Participants’ enjoyment of horror movies was not related to their levels of affective empathy. But people who particularly liked horror seemed to be slightly higher in cognitive empathy and lower in cold-heartedness. “It’s a small correlation,” Scrivner says. “But importantly, it’s in the opposite direction of what you would expect if horror fans had low empathy.”
In a second study, 307 online participants from the United States reported which of 50 horror films they’d seen in the past decade. They also filled out the empathy and cold-heartedness questionnaires. The number of horror movies people had seen was unrelated to their levels of empathy and cold-heartedness.
In a third experiment, 215 people from the first study were told they’d been randomly drawn to receive $0.50 on top of $1 they’d already been paid for participating. They could donate any amount of their bonus to another participant who hadn’t been drawn. About half of people decided to donate at least part of the money — but people’s level of horror fandom was not related to how much they donated.

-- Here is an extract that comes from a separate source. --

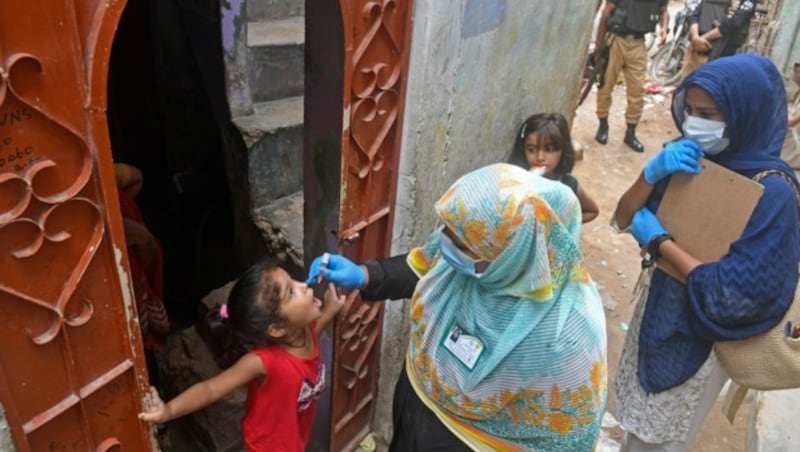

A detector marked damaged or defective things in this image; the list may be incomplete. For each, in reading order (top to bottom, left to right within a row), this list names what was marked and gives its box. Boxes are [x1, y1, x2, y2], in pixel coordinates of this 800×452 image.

wall with peeling paint [372, 0, 596, 444]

A $0.50 donation is “very much an imperfect measure” of empathy, Scrivner admits. But comments left by participants explaining their decisions hinted that people still took the exercise seriously.
“I didn’t ask them specifically to elaborate on that, but a lot of people did,” Scrivner says. “Some people said, ‘Normally I would donate, but it's been a rough month,’ or ‘I decided to donate half because that seemed fair.’” To Scrivner, those comments show that even a small-stakes donation offered some real insight into participants’ consideration for others.
Overall, the trio of studies suggests that people who enjoy horror more are not less empathetic or more cold-hearted than others, Scrivner reported January 6 in Journal of Media Psychology: Theories, Methods, and Applications.
The notion that loving horror requires a certain level of callousness may make some surface-level sense to non-fans. But in fact, Scrivner says, it doesn’t make any sense when you think deeply why most fans watch horror films: to be scared.
“It’s not scary because there’s a man with a chainsaw. It’s scary because you are taking the perspective of the protagonist being chased by the person with the chainsaw,” Scrivner says. “To take the perspective of that protagonist, you have to have some moderate level of empathy… [otherwise], the film’s not going to be scary. It’s not even going to be interesting.”
Scrivner’s past research has hinted at other reasons people may relish horror — from basking in the adrenaline rush, to stress-testing their own grit, to processing the horrors of real life. But it seems that the specter of the cold-hearted horror fan that has haunted the scientific literature for decades should finally be put to rest.